Stolen Paychecks
Monday, March 22, 2010
- Organization: Gambit New Orleans
- Link: http://bestofneworleans.com
Many people depend on Santos Alvarado: his wife, their 5-month-old baby in New Orleans, and the couple's three other children living in his native Honduras. Alvarado has spent the last four years as a day laborer rebuilding homes destroyed in the aftermath of Hurricane Katrina, sending money back to Honduras every month for his kids' tuition, food, clothes and other neccessities.
So last May when a construction contractor refused to pay Alvarado for more than a month's work, his life unraveled. His landlord threatened eviction, and his children were forced to leave school.
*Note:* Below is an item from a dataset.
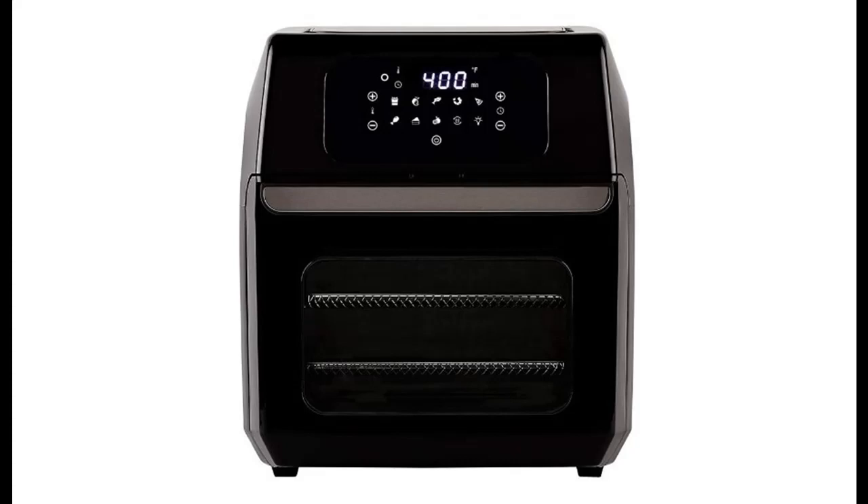The PowerXL 12QT Air Fryer Oven Pro-grade Air Fryer and Full Oven Multi-Cooker Combo is designed for crispier, delicious air-frying with a wide variety of custom cooking options on your kitchen countertop.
Alvarado confronted his boss. The contractor strung him along, he says, promising to pay Alvarado in a few days. But when payday arrived, the contractor was nowhere to be found, and the many voice messages Alvarado left on his boss's phone went unanswered. Finally, he spoke with his employer, who told Alvarado to go to a house on Frenchmen Street the next morning, where someone would bring him a check. Alvarado waited all day in front of the house. No one ever came.
"I felt horrible," Alvarado says through an interpreter. "We were so desperate because the owner of the apartment we were living in gave us an ultimatum — she had given us only two more days to pay." The landlord kept her promise and kicked out Alvarado and his then-pregnant wife.
The contractor committed what is commonly referred to as wage theft, and though it has existed in various forms in New Orleans for many years, studies indicate it has skyrocketed since the levee failures, paralleling the city's influx of immigrant workers, both documented and undocumented.
Eighty percent of New Orleans Latino immigrants surveyed for a 2009 study by the Southern Poverty Law Center, a nonprofit civil rights organization, reported not being paid for work performed. The findings mirrored the results of a Congress of Day Laborers survey, which interviewed 304 workers, 79 percent of whom reported wage theft. (click on link to read full story)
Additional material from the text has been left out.